● Assignment
Retype exactly the lines that run from the start of the data to the line holding "Nike Laufen|Laufen<· REVOLUTION", including both, and only those.

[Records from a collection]
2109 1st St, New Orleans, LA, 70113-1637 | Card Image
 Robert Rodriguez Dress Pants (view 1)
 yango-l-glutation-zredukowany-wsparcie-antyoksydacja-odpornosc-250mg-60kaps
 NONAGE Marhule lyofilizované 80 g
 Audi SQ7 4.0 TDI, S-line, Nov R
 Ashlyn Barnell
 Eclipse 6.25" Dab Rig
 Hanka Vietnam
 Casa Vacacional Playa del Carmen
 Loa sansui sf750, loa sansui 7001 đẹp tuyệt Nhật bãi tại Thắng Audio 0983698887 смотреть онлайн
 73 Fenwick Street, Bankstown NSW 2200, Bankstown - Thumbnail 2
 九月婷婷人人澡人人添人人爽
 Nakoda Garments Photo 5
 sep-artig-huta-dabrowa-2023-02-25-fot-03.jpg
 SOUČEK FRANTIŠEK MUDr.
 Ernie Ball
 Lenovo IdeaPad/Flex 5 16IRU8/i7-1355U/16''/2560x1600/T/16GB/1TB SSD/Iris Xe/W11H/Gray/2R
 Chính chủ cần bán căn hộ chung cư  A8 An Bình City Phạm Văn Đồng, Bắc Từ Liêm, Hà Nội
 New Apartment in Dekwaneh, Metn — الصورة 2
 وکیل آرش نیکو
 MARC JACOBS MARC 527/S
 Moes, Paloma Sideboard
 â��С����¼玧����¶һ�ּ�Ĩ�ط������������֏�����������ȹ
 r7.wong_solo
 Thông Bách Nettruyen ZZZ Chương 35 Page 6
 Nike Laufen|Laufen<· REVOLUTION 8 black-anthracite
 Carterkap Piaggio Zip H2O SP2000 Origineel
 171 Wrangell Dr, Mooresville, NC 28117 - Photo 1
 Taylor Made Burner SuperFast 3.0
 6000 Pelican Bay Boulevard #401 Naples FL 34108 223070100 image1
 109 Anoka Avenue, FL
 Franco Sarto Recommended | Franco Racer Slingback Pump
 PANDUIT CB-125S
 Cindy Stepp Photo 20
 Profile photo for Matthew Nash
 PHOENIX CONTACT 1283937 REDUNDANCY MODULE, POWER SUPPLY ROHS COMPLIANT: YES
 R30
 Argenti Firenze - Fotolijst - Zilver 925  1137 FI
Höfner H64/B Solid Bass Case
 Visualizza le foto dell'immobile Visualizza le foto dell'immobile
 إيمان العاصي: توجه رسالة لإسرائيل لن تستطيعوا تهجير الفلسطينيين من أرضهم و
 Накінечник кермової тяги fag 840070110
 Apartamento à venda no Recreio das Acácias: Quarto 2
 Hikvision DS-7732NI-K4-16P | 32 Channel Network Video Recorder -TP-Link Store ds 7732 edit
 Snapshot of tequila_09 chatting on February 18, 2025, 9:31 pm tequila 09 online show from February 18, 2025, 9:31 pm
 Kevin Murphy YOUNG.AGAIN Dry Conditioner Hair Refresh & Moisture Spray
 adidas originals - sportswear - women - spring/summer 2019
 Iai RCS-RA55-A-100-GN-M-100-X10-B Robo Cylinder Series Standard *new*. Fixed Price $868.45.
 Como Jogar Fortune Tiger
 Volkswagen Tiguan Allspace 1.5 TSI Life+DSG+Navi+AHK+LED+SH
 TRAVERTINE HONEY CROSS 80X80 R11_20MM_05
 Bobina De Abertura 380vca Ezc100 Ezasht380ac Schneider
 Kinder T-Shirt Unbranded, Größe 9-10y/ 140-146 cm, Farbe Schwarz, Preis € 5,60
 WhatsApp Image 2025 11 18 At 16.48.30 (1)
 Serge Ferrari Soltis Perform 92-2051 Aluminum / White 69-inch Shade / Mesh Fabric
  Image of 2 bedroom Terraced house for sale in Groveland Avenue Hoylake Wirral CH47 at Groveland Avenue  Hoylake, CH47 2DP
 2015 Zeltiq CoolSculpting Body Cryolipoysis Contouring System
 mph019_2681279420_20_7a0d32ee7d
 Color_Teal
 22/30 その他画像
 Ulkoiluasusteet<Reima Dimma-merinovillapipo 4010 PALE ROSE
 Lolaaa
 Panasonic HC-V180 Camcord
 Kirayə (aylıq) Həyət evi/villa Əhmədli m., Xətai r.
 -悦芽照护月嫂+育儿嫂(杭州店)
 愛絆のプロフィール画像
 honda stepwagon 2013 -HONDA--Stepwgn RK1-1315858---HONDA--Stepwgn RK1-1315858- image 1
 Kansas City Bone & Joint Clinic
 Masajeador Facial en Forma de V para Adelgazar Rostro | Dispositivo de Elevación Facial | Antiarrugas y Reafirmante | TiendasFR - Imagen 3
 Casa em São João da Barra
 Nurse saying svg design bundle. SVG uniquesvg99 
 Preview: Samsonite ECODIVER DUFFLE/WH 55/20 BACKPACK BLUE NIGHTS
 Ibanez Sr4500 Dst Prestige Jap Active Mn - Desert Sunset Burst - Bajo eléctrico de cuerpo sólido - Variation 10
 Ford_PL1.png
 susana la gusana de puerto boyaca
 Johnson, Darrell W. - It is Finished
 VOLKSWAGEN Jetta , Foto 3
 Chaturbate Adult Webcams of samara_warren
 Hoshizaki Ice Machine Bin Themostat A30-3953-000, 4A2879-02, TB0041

● Response area
2109 1st St, New Orleans, LA, 70113-1637 | Card Image
 Robert Rodriguez Dress Pants (view 1)
 yango-l-glutation-zredukowany-wsparcie-antyoksydacja-odpornosc-250mg-60kaps
 NONAGE Marhule lyofilizované 80 g
 Audi SQ7 4.0 TDI, S-line, Nov R
 Ashlyn Barnell
 Eclipse 6.25" Dab Rig
 Hanka Vietnam
 Casa Vacacional Playa del Carmen
 Loa sansui sf750, loa sansui 7001 đẹp tuyệt Nhật bãi tại Thắng Audio 0983698887 смотреть онлайн
 73 Fenwick Street, Bankstown NSW 2200, Bankstown - Thumbnail 2
 九月婷婷人人澡人人添人人爽
 Nakoda Garments Photo 5
 sep-artig-huta-dabrowa-2023-02-25-fot-03.jpg
 SOUČEK FRANTIŠEK MUDr.
 Ernie Ball
 Lenovo IdeaPad/Flex 5 16IRU8/i7-1355U/16''/2560x1600/T/16GB/1TB SSD/Iris Xe/W11H/Gray/2R
 Chính chủ cần bán căn hộ chung cư  A8 An Bình City Phạm Văn Đồng, Bắc Từ Liêm, Hà Nội
 New Apartment in Dekwaneh, Metn — الصورة 2
 وکیل آرش نیکو
 MARC JACOBS MARC 527/S
 Moes, Paloma Sideboard
 â��С����¼玧����¶һ�ּ�Ĩ�ط������������֏�����������ȹ
 r7.wong_solo
 Thông Bách Nettruyen ZZZ Chương 35 Page 6
 Nike Laufen|Laufen<· REVOLUTION 8 black-anthracite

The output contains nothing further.